# safe-t-track 10 bolt vs. 12bolt positraction



## rickm (Feb 8, 2012)

hey, whats your opinions on pontiac choosing the safe-t-track 10 bolt instead of the stronger 12 bolt positraction rear on gtos. many years ago i blew my 10 bolt on my '64 . took a 12 bolt out of a '69 chevelle ss 396, went to the local salvage yard and pulled a driveshaft out of a '67 chevelle manual transmission car. (different yoke size) it worked out real nice and withstood alot of horsepower punishment. more than a 10 bolt could. i was the only guy in town with a 12 bolt in a gto.


----------



## BearGFR (Aug 25, 2008)

Stronger is always better, especially if you've warmed up the engine any.

Bear


----------



## geeteeohguy (Feb 2, 2008)

A 12 bolt unit is stronger and will take more abuse. It is a bonus for high performance, but it's a minus for originality. Depends on what you use the car for.


----------



## rickm (Feb 8, 2012)

geeteeohguy said:


> A 12 bolt unit is stronger and will take more abuse. It is a bonus for high performance, but it's a minus for originality. Depends on what you use the car for.

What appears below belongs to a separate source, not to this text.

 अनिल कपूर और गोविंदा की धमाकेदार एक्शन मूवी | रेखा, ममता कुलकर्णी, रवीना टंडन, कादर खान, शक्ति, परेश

i agree with you 100%, especially now. but in 1978, i wasnt a big factor. me and my car buddies did alot of things back then that i wouldnt dream of doing now.


----------



## geeteeohguy (Feb 2, 2008)

BTDT, 100%!!!!! I remember blowing up a Muncie, going to the boneyard, and getting another for $75 to stab right back in. Same with engines and rear ends.....


----------



## ALKYGTO (Mar 29, 2010)

Dana 60...........


----------